Some of the more sought-after signers are, in no particular order, presidents, military heroes, sports icons, actors, singers, artists, religious and social leaders, scientists, astronauts, authors, and Kardashians.

So. A keepsake, coaxed or inveigled from a celebrity by someone eagerly radiant, glowing with the recognition of a familiar face. A face as familiar as the closest of friends or family, and yet this familiarity is completely one-sided.

I grew up watching my mother signing autographs, writing her name on smiling photos of herself, or on pieces of blank paper hopefully held out to her by the outstretched arms of strangers who loved her. Her fans.
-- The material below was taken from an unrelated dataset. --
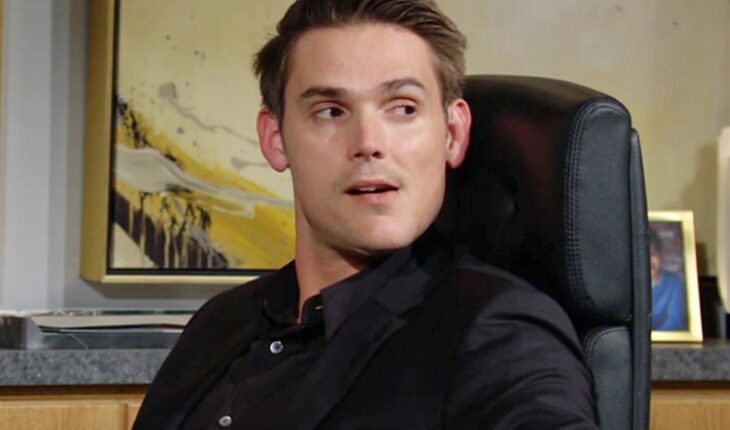 The Young And The Restless – Adam Newman (Mark Grossman)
The Oxford English Dictionary says the word “fan” derives, quite apparently, from the word “fanatic,” which means “marked by excessive enthusiasm and often intense uncritical devotion.”

The entirety of what Debbie Reynolds knew of her fans is that they seriously appreciated her talents. They invested tiny pieces of their souls in her. When my father dumped her for Elizabeth Taylor, leaving her squirming sadly in the world’s spotlight with two bewildered toddlers, they shared her pain.

That sort of familiarity bred quite the opposite of contempt, though something equally charged. In a way she belonged to the world, and while most of the portion of it that appreciated her was content to do so at a distance, the true fans seemed to want to assert a kind of ownership by coyly requesting, or pitifully pleading, or aggressively demanding, that she provide them with their coveted token, proof to all and for all time, in the pre-selfie era, of an encounter! An up-close brush with one of the cinematically anointed!

I would stand loyally at my mother’s side, watching as these memento-seeking well-wishers (MSW2s) gushed and giggled in her presence. From just outside her dazzle of limelight, I watched as she scribbled her lovely signature on the pictures, records, and magazines—many of their covers blaring “news” of the scandal she’d been subjected to—that were sometimes desperately held out to her.

“And what’s your name? Oh, what a lovely name! So unusual! Do you spell it with a ‘y’ or an ‘ie’?” “I had an Aunt Betty once. I loved her very much.” “Yes, but only if you take the picture very quickly. As you can see, I’m with my daughter . . .”

“Your daughter?!!” these devotees would exclaim, briefly wrenching their eyes toward me. “That’s right! You have a daughter! Oh, my goodness, I didn’t realize she’d gotten so big, and a beauty like her mama!”

I’d frown and look away. This wasn’t supposed to happen. I was there as an observer, not the observed. A witness to the world’s mysteries. The archaeologist, not the pit. I’d blush and tuck my chin toward my chest as the focus abruptly shifted to me, caught off guard, in the act.

“Isn’t she precious?”

? ? ?

i can’t remember exactly when I started referring to signing autographs for money as a celebrity lap dance, but I’m sure it didn’t take me long to come up with it. It’s lap dancing without cash being placed in any underwear, and there’s no pole—or is the pole represented by the pen?

It is certainly a higher form of prostitution: the exchange of a signature for money, as opposed to a dance or a grind. Instead of stripping off clothes, the celebrity removes the distance created by film or stage. Both traffic in intimacy.

For many years I, like so many other high-minded celebrities with flourishing careers, could afford to cavalierly wave away any and all arguably undignified appearance offers that, accompanied by a financial enticement, could only be experienced by those engaging in said ignoble acts as, for want of a better word, whoring.

To be sure, it is “selling out,” which comes with feelings of embarrassment and shame. But if you’re selling for high enough numbers, the duration of that humiliation has a more fleeting quality. And the distraction of purchasing the odd luxury item, or—saints preserve us—paying bills, made the sense of shame similar to the embarrassment one feels about a weight gain of a fairly manageable variety.

And then, what is a loss of self-respect when placed in the context of diminishing worry about one’s looming tax bill or monstrous overhead? So, over time I have managed to rejigger my definition of dignity to the point where it comfortably includes lap dancing.

It’s just something that had to be gotten used to—like finding out your older sister is actually your mother, or winning the lottery but only being able to spend the money on Christmas Day. Hardly a hardship—it simply took some form of adaptation. With enough time, anything can be adjusted to, though things like torture would require adjustment of a kind I can scarcely imagine. But accustoming myself to scrawling my name for strangers was certainly within my capacities.